Bayes’s Theorem is a concept that mathematically says how we can change prior probability to posterior probability when given new information. However, for this section it’s important to just know how probability relates to new information.

5.2 Calculating probability of events

Objective estimates of probability can be made by following one of a series of rules. In mathematical treatments of probability, these are called axioms. In this section, we will discuss some of these rules and the concept of independence.

As mentioned in the last section, probability is defined as the likelihood something will happen, estimated between 0 and 1. So, the notation for this is \(P(A)\), which is the probability that A will happen. Because the probabilities add up to 1, we can also know that the probability that A happens or that A does not happen (denoted as \(P(A')\)), is 1.

Now, if you have several events, and each event has an equal chance of occurring and only one event can occur, the probability for any one event is \(\frac{1} {N_{\text{total}}}\), which is 1 divided by the total number of events. If you have a fair coin with an equal likelihood of each event, you have two possible events, heads and tails. In this case, the chance for any one event is \(\frac{1}{ 2}\). The chance for heads is \(\frac{1}{2}\) and the chance for tails is \(\frac{1}{2}\).

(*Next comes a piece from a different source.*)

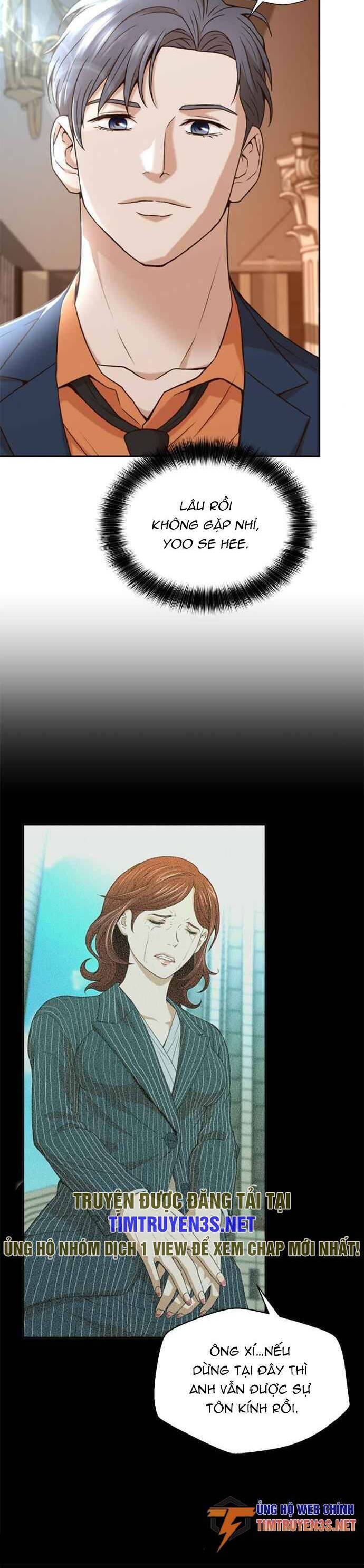 Thẩm Phán Lee Han Young Chap 32 - Next Chap 33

If you have a six-sided die, you have six possibilities for outcomes, rolling a one, two, three, four, five, or six. In this case, the probability that you roll a 1 is \(\frac{1}{6}\). since there are six possible outcomes. If you are playing cards with a 52 card deck, the chance you draw any one card is \(\frac{1}{52}\). because there are 52 possibilities. This may seem simple, but it is the first building block to the rest of probability.

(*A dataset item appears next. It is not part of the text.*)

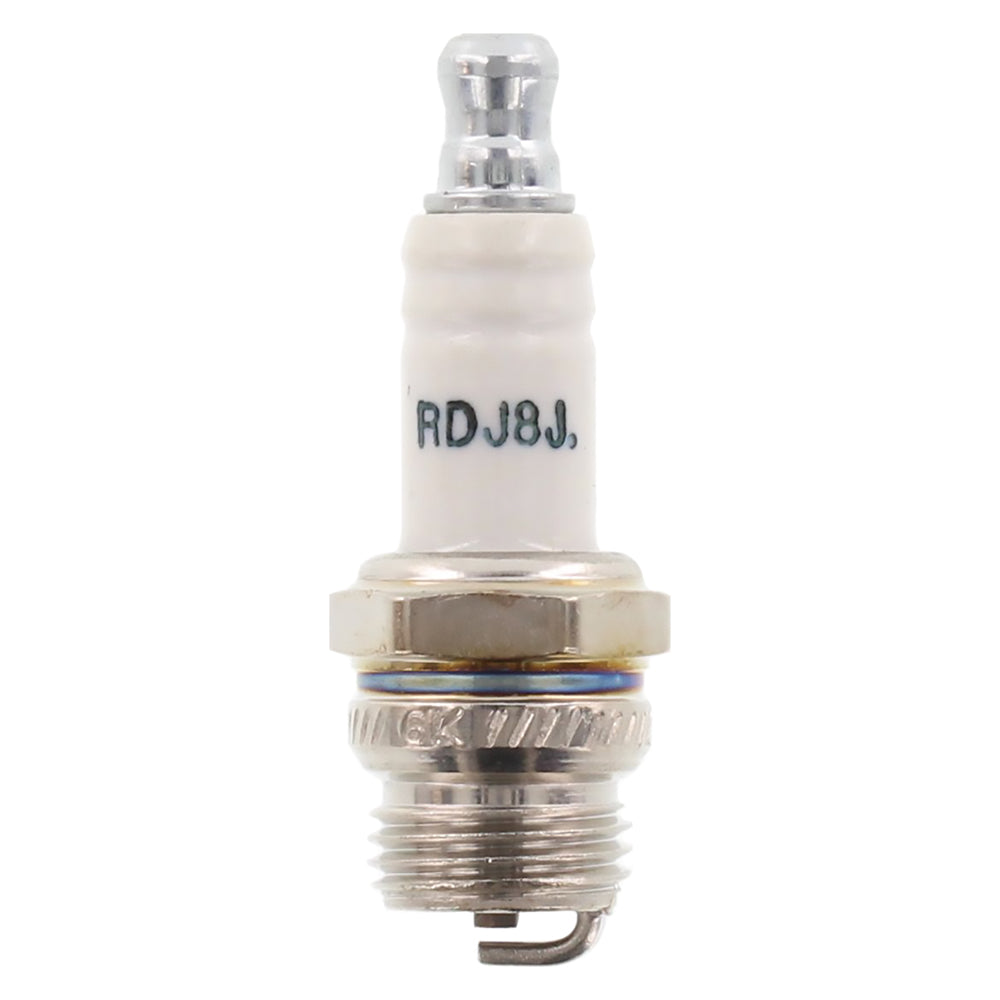 CANDELA ACCENSIONE RDJ8J esag.16 mm - fil.7,8 mm-Pezzi di ricambio motosega-Ecanshop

The second concept, called the addition law of probability, is that the probability of one or another event is the sum of their probabilities minus the chance that both events would happen. Since we assume that only one event can happen, the chance both events can happen is zero. This is written using the following math-speak: \[P(A \text{ or } B) = P(A) + P(B) – P(A \text{ and } B).\]

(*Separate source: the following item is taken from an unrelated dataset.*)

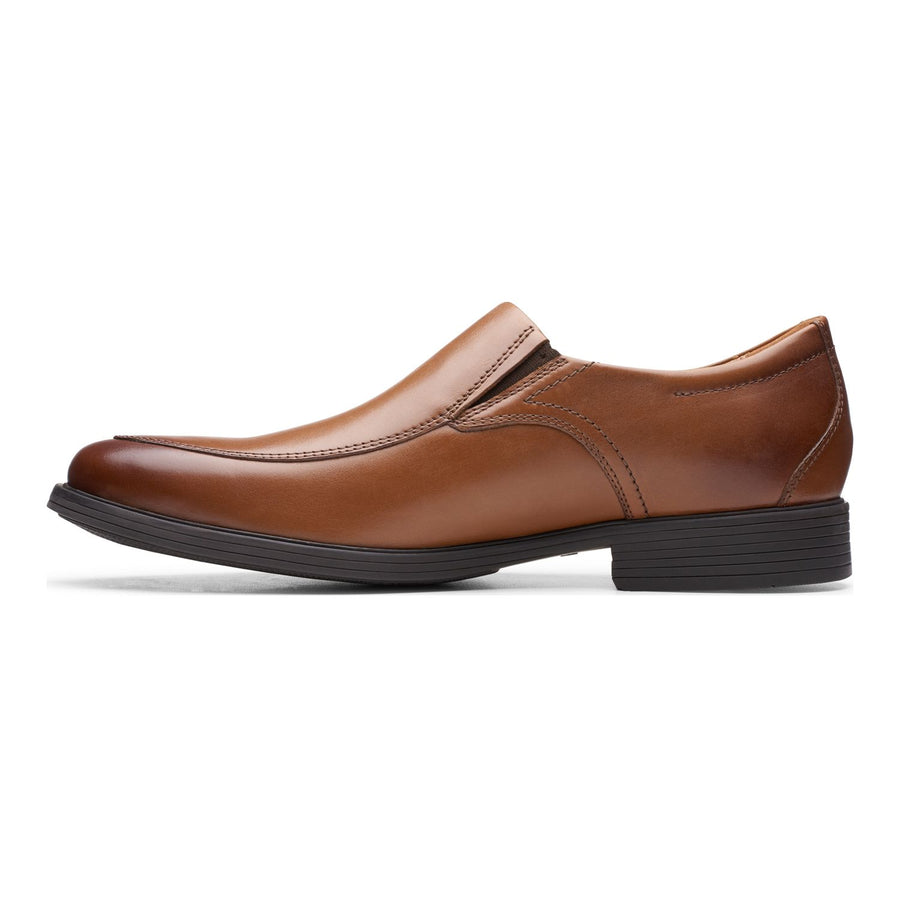 Clarks Whiddon Step Men's Leather Loafers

This can help with calculating more complex questions. The chance you roll either a 1 or a 2 in a six-sided die is: \[P(\text{rolling 1}) + P(\text{rolling 2}) = \frac{1}{6} + \frac{1}{6} = \frac{2}{6}\].

The way I remember this is by thinking the chance of something OR something else is adding. So OR leads to adding.

By putting these two concepts together, I can extend probability to calculate multiple outcomes at once. If there are many possible outcomes and I want to know the chance that a subset of those outcomes happen, the chance of that is: \[P(\text{What I want)} = \frac{\text{Number of outcomes I want}}{\text{Total number of outcomes}}\]

For instance, if I’m playing a card game and I want to draw a heart and there are 45 cards left in the deck and 11 of them are hearts, the chance of drawing a heart is 11/45. Likewise, if I’m playing bingo, and I have three numbers that can give me a win and there are 20 possible numbers, the chance I will win is 3/20 when the next number is drawn.

The final thing to know is that these concepts can be extended to situations where the likelihood of each event is not the same. For instance, imagine if I am playing a game where I roll two six-sided dice. The chance I roll a 2 is different than the chance I roll a 7, for reasons we will discuss later. The chance of rolling a 2 is 1/36 whereas the chance of rolling a 7 is 6/36. So the chance of rolling a 2 or a 6 is just adding those probabilities up, 1/36 + 6/36, or 7/36.

Probability can be extended to multiple events. For instance, I talked about the probability of getting a number that is the sum of two six-sided dice in the last section. Each die represents its own possible event with its own outcome. Also, I might want to know the outcome that I have two girls as children. The chance of having a boy or girl is roughly 50%, but what about two children, which are two separate outcomes.

When combining probabilities of two or more events, we have to know whether those events are independent. Statistical independence means that our knowledge about the outcome of one event or variable does not affect our beliefs about another variable. One’s height and one’s favorite color are probably statistically independent. If I know your height, this does not tell me anything about what your favorite color would be.

On the other hand, statistical independence is defined if knowledge of one variable or outcome affects the probability of the other outcome or probability. For instance, knowledge about how long someone’s legs are necessarily affects knowledge of how tall someone is because leg length is part of one’s height. Leg length does not guarantee height, but it does predict height since it is part of what makes a person tall or short.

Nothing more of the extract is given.